Exercise data:
········

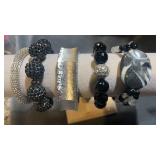 Silver and black bracelets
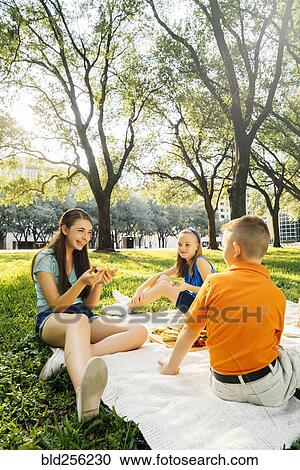 Smiling Caucasian brother and sisters eating food at picnic View Large Photo Image Stock Image - Smiling Caucasian brother and sisters eating food at picnic. Fotosearch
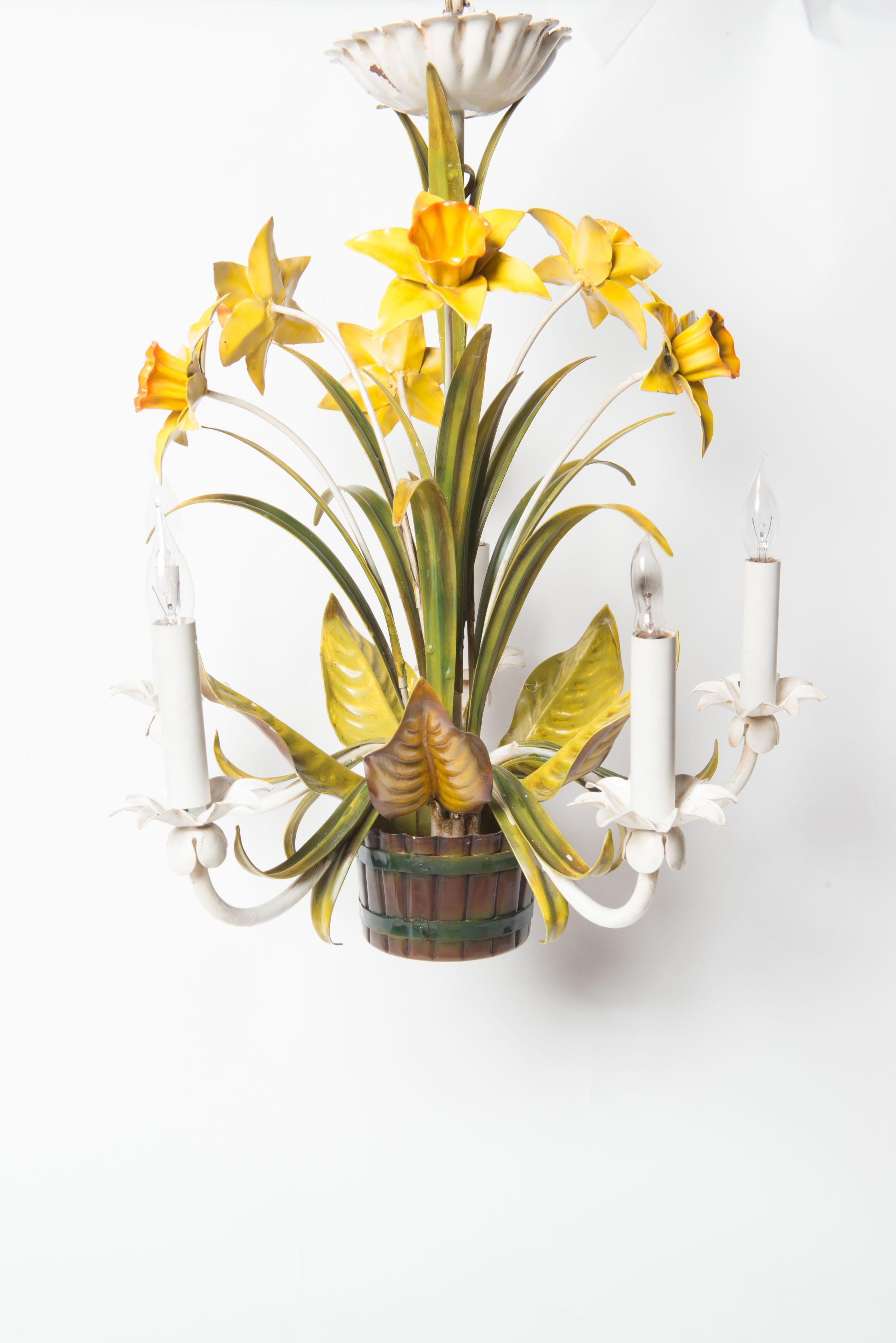 Italian metal floral chandelier with yellow daffodils and large leaves in brown slat and green banded metal basket. All original paint in good condition. Five arm chandelier with five sockets for chandelier bulbs. Original canopy included.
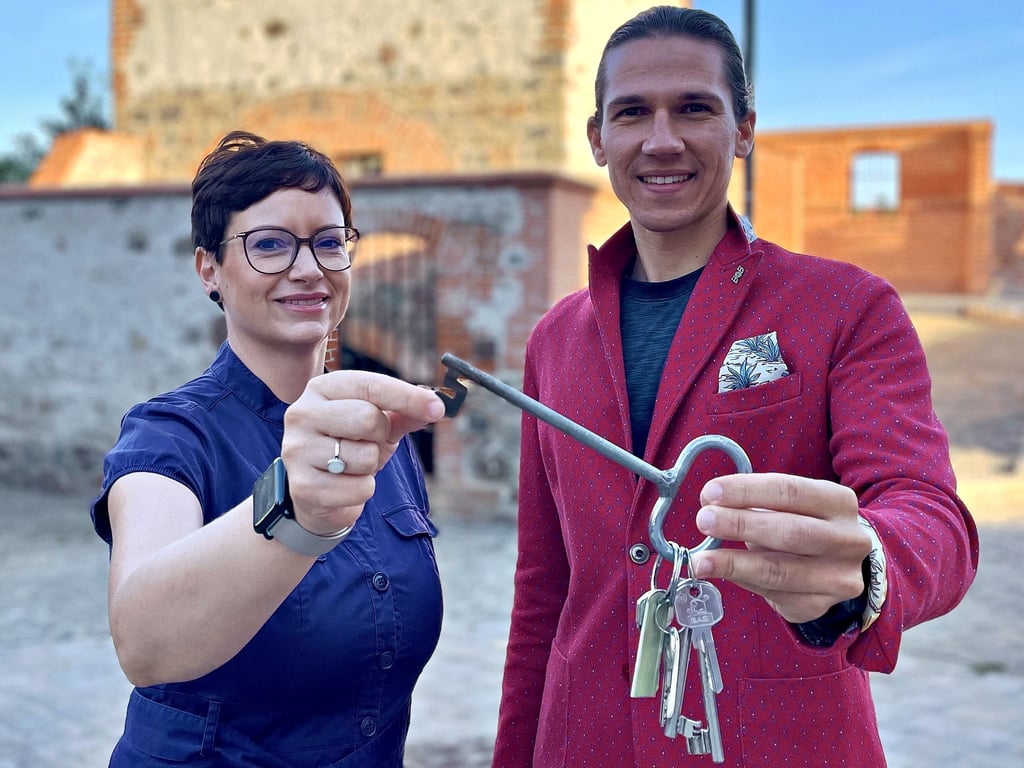 Stefanie Deckert, Sachgebietsleiterin Tourismus der Stadt Burg, und Fachbereichsleiter Maximilian Steib eröffnen mit dem symbolischen Schlüssel den Buchungsstart für die Türmeführungen.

········

Exercise goal: Where the line containing "Smiling Caucasian brother and sisters eating food at picnic View" appears above, start there and set down each line exactly through the last line of the data; leave out every picture.

Result:
 Smiling Caucasian brother and sisters eating food at picnic View Large Photo Image Stock Image - Smiling Caucasian brother and sisters eating food at picnic. Fotosearch
 Italian metal floral chandelier with yellow daffodils and large leaves in brown slat and green banded metal basket. All original paint in good condition. Five arm chandelier with five sockets for chandelier bulbs. Original canopy included.
 Stefanie Deckert, Sachgebietsleiterin Tourismus der Stadt Burg, und Fachbereichsleiter Maximilian Steib eröffnen mit dem symbolischen Schlüssel den Buchungsstart für die Türmeführungen.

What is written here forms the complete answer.